If the auth request returned an HTTP 200 status, then I know the authentication was successfull. So I set the URL to the content URL which I saved to http.x-orig-url earlier. Following this, I call restart, thus telling the varnish thread to start processing the request again from the beginning:

if (req.backend == auth) {
    if (resp.status != 200) {
    }
    else {
      set req.url = req.http.x-orig-url;
      set req.backend = default;
      set req.http.host = "blog.neovatar.org";
      return(restart);
    }
  }

Now, take a look again at my vcl_recv code snippet, there is one important bit I did not mention earlier:

    if (req.url ~ "^/protected/") {
      if (req.restarts == 0) {
        set req.backend = auth;

I check for the number of restarts, so the authentication request is only done on first pass. On subsequent passes the URL is fetched and since I changed the URL to the actual content URL, it is requested and delivered.
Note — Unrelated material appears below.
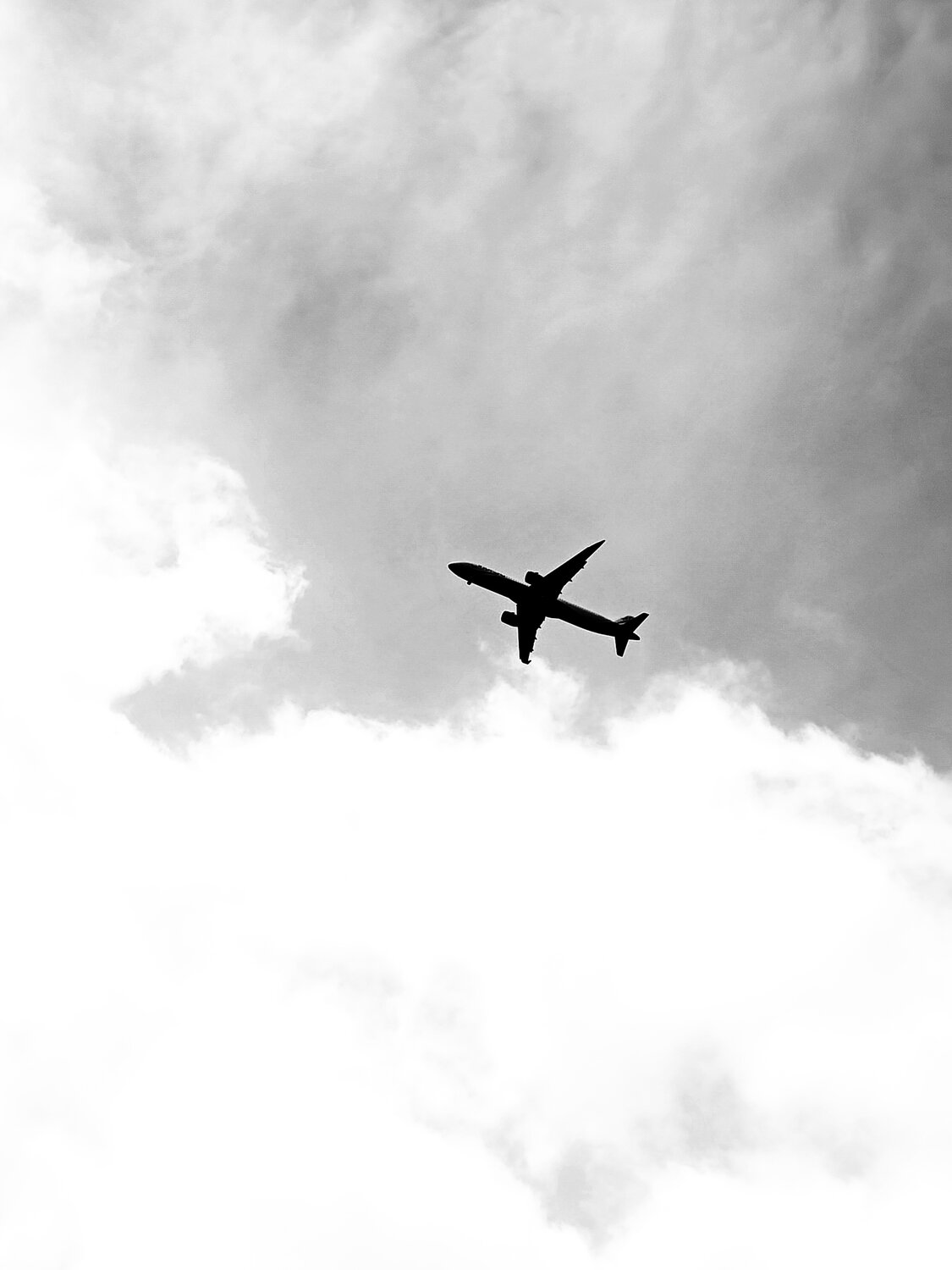 Photo #13842381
And with the right code in vcl_fetch I can cache requests to content and to the auth service:

sub vcl_fetch {
  if (req.http.host == "blog.neovatar.org") {
    # remove cookies, so that blog is cacheable
    unset beresp.http.set-cookie;

    # enforce 1m cache time
    if (beresp.ttl <= 5m ) {
      set beresp.ttl = 5m;
    }
  }
  else if (req.http.host == "auth.neovatar.org") {
    set beresp.ttl = 1m;
  }
}

This will cache content for 5 minutes and authentication queries for 1 minute.